Montag, 11. Dezember 2017

Siebengebirgsmarathon – 7G 2017

Der Siebengebirgsmarathon ist erwachsen geworden. Er wird heute zum 18. Mal ausgetragen. Auch ich feiere ein kleines Jubiläum, es ist meine fünfte Teilnahme in Folge.

Kurze Hosen, bare Köpfe und unbedeckte Hände sind im Starterfeld zu sehen. Nicht jeder scheint einen Blick in die Wettervorhersage geworfen zu haben, die einen Schneesturm während des Laufs prognostiziert. Ich habe mich entsprechend warm angezogen und verfluche mich auf den ersten acht Kilometern dafür, weil ich so stark schwitze.
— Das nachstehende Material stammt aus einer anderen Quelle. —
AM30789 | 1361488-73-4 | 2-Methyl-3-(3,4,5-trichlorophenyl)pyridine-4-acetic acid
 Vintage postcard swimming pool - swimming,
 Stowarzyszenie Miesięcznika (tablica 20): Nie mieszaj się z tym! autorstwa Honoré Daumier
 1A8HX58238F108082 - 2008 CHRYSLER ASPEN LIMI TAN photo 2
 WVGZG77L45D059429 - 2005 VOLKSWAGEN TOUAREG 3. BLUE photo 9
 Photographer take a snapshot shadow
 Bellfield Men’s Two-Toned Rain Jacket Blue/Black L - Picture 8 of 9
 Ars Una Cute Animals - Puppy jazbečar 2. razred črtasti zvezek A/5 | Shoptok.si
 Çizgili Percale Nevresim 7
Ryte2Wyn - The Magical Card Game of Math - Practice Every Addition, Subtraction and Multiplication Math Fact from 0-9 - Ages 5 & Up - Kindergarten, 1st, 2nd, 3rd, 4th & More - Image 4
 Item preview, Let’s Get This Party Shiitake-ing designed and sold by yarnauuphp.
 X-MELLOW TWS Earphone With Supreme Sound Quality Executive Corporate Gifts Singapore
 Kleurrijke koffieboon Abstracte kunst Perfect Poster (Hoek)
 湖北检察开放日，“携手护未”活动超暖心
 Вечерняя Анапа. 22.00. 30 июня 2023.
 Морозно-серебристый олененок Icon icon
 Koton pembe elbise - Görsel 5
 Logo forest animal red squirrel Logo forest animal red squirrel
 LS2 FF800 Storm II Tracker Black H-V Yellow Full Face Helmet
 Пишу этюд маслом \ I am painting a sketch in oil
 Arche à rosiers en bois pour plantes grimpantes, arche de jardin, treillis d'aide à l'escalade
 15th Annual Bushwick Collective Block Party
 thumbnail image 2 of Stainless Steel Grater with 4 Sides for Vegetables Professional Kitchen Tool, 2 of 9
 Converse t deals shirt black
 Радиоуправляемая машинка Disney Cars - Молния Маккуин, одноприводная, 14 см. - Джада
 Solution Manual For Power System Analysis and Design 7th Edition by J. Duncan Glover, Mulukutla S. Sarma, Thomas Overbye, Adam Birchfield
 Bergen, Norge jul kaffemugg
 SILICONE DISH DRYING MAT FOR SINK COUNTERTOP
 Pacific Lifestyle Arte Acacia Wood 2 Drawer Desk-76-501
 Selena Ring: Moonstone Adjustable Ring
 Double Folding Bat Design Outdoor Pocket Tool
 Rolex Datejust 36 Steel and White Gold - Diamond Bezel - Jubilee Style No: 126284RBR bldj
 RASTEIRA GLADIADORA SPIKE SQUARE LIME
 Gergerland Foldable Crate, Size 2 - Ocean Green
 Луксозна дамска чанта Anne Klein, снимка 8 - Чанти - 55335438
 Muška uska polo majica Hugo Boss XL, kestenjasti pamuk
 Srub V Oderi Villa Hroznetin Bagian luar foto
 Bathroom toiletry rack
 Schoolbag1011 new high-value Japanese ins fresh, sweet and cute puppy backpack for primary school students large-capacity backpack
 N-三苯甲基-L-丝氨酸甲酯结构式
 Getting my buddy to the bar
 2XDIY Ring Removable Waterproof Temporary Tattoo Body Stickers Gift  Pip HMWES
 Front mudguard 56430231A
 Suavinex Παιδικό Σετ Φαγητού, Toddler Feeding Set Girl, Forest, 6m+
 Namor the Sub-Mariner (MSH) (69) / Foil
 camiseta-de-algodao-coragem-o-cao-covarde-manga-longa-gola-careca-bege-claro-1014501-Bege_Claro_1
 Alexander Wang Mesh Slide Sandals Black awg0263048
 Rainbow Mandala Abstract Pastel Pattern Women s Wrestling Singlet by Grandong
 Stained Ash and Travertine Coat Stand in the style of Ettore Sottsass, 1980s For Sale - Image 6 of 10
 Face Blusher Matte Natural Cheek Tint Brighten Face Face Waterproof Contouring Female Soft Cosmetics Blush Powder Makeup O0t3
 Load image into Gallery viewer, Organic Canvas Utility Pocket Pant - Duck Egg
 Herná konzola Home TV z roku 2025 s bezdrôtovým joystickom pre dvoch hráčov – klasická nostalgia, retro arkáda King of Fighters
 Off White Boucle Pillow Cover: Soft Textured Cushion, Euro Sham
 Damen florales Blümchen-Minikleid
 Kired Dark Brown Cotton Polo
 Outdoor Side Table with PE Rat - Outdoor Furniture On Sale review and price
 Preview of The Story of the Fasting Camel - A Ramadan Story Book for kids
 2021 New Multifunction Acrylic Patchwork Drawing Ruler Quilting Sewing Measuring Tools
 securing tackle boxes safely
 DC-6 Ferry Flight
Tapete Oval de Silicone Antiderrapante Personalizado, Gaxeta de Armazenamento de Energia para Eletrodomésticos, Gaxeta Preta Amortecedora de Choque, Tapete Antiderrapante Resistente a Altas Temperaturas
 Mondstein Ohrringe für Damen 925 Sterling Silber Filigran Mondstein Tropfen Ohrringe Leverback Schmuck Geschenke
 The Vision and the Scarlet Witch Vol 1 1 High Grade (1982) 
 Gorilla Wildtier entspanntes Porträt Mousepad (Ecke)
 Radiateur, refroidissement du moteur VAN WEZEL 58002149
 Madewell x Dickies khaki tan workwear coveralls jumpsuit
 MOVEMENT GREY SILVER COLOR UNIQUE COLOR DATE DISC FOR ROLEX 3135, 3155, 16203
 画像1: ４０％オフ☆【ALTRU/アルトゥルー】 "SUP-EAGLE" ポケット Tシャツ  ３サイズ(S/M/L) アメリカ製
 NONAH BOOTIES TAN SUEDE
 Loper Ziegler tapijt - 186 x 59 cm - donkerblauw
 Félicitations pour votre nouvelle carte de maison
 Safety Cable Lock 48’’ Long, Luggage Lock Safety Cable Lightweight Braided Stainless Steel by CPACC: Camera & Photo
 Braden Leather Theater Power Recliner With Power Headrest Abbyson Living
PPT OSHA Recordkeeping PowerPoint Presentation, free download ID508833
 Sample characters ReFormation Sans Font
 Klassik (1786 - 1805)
Dann fängt es endlich an zu schneien.

Die Halbmarathon-Medaillen harren der Finisher

Winzige Eiskristalle treibt der Wind waagerecht durch den Wald und injiziert sie in meine Wangen. Ich beneide die Starter, die sich eine Sportbrille aufgesetzt haben. Denn ich kann meine Augen nur durch Blinzeln gegen die harten Körner schützen. Dabei frieren dummerweise immer wieder die Wimpern zusammen.

Das Wetter entspricht in etwa dem "Stirb langsam 2"-Szenario, in dem kurz vor Weihnachten der Flughafen wegen eines Blizzards geschlossen wird und alle Reisenden festsitzen. Ich erwarte, dass jeden Moment Bruce Willis im blutigen, zerrissenen Unterhemd auftaucht. Was ich nicht ahne: der Düsseldorfer Flughafen schließt tatsächlich gerade.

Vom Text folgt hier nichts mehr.